The Wife by Meg Wolitzer
A friend of mine lent me this book at the beginning of the year. It’s one of her favorites so I thought I’d give it a try. The first aspect I noticed was the genre and writing style was very different from what I usually read…which isn’t necessarily a bad thing. It was interesting reading something with a different tone and approach to a rather unique story (or at least it was unique to me).
The Wife takes place in the main character’s perspective, an unhappy wife named Joan preparing to ask her husband for a divorce while flying 35 thousand feet above the ocean. After 40 years of marriage, she was ready to finally put herself first and end the suffocating relationship.
The entire novel switches from flashbacks to present day, where you get to learn about how Joan and Joseph’s relationship started, developed, thrived, and eventually crumbled. Joan was actually one of Joseph’s students while he was a professor in college, already married with an infant child. The two lovebirds ran away together to start a life, both in love with hopes of becoming literary legends.
As time goes on, Joan starts realizing she’s put her own life and dreams on hold for Joseph’s success. The story slowly unfolds the details behind Joan’s discontent with her life and marriage, and you can’t help but root for her and feel a little sorry for her circumstances.

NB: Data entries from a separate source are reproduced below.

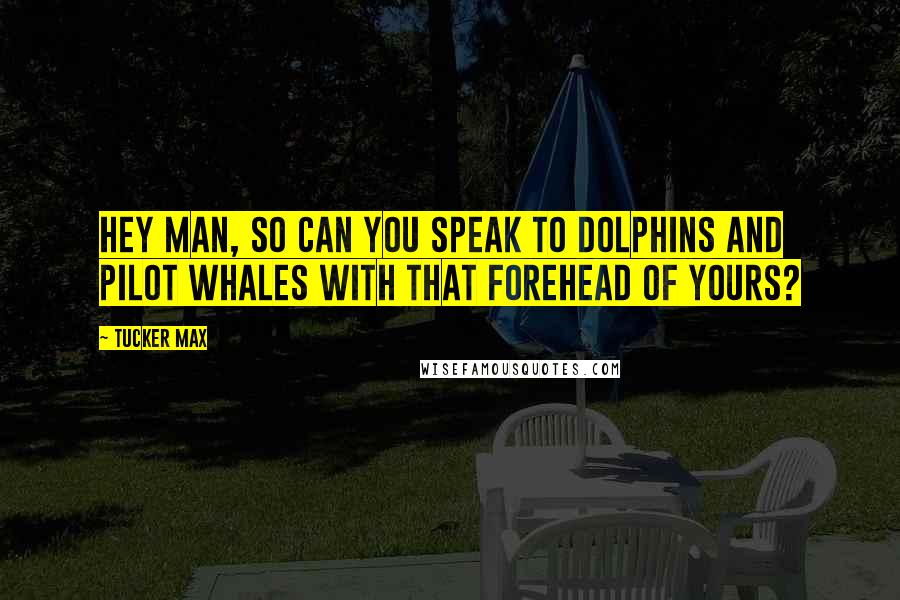 Tucker Max Quotes: Hey man, so can you speak to dolphins and pilot whales with that forehead of yours?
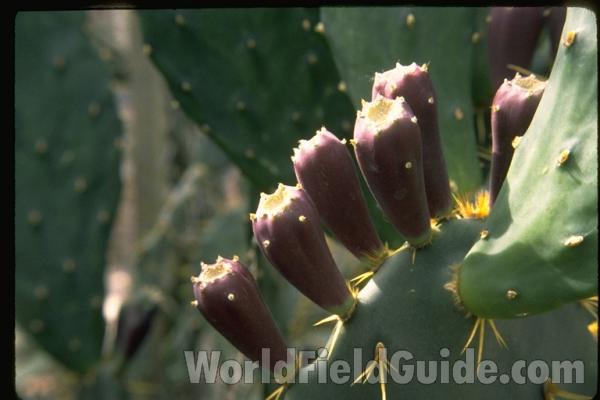 Close View<br>(Location of Picture: Chs, Glencoe, Illinois)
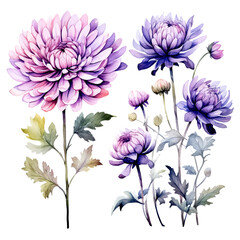 Fototapeta na wymiar Set of lavender floral watecolor. flowers and leaves. Floral poster, invitation floral. Vector arrangements for greeting card or invitation design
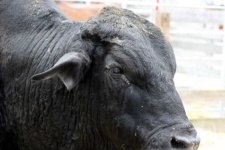 image of animal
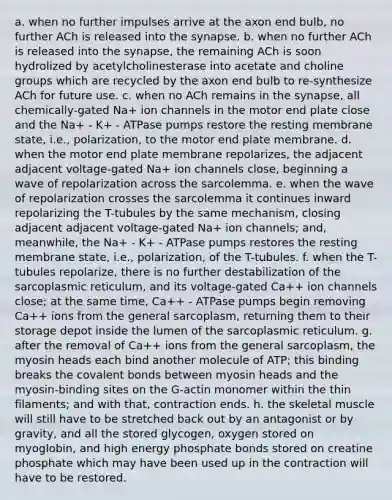 a. when no further impulses arrive at the axon end bulb, no further ACh is released into the synapse. b. when no further ACh is released into the synapse, the remaining ACh is soon hydrolized by acetylcholinesterase into acetate and choline groups which are recycled by the axon end bulb to re-synthesize ACh for future use. c. when no ACh remains in the synapse, all chemically-gated Na+ ion channels in the motor end plate close and the Na+ - K+ - ATPase pumps restore the resting membrane state, i.e., polarization, to the motor end plate membrane. d. when the motor end plate membrane repolarizes, the adjacent adjacent voltage-gated Na+ ion channels close, beginning a wave of repolarization across the sarcolemma. e. when the wave of repolarization crosses the sarcolemma it continues inward repolarizing the T-tubules by the same mechanism, closing adjacent adjacent voltage-gated Na+ ion channels; and, meanwhile, the Na+ - K+ - ATPase pumps restores the resting membrane state, i.e., polarization, of the T-tubules. f. when the T-tubules repolarize, there is no further destabilization of the sarcoplasmic reticulum, and its voltage-gated Ca++ ion channels close; at the same time, Ca++ - ATPase pumps begin removing Ca++ ions from the general sarcoplasm, returning them to their storage depot inside the lumen of the sarcoplasmic reticulum. g. after the removal of Ca++ ions from the general sarcoplasm, the myosin heads each bind another molecule of ATP; this binding breaks the covalent bonds between myosin heads and the myosin-binding sites on the G-actin monomer within the thin filaments; and with that, contraction ends. h. the skeletal muscle will still have to be stretched back out by an antagonist or by gravity, and all the stored glycogen, oxygen stored on myoglobin, and high energy phosphate bonds stored on creatine phosphate which may have been used up in the contraction will have to be restored.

This book dives into the complications of marriage and relationships, as well as gender roles and expectations throughout the second half of the 1900s. I wasn’t quite sure what to expect when I started reading Wolizter’s story (it started off a bit slow), but the further I read, I grew more interested in the complications of Joan’s relationship with Joseph. The Wife may be outside of my regular genres, I overall enjoyed the story and the character development of the husband and wife. Plus, the end brings a couple slightly unexpected surprises, both for the present day and a big reveal from their past. I definitely love a good plot twist!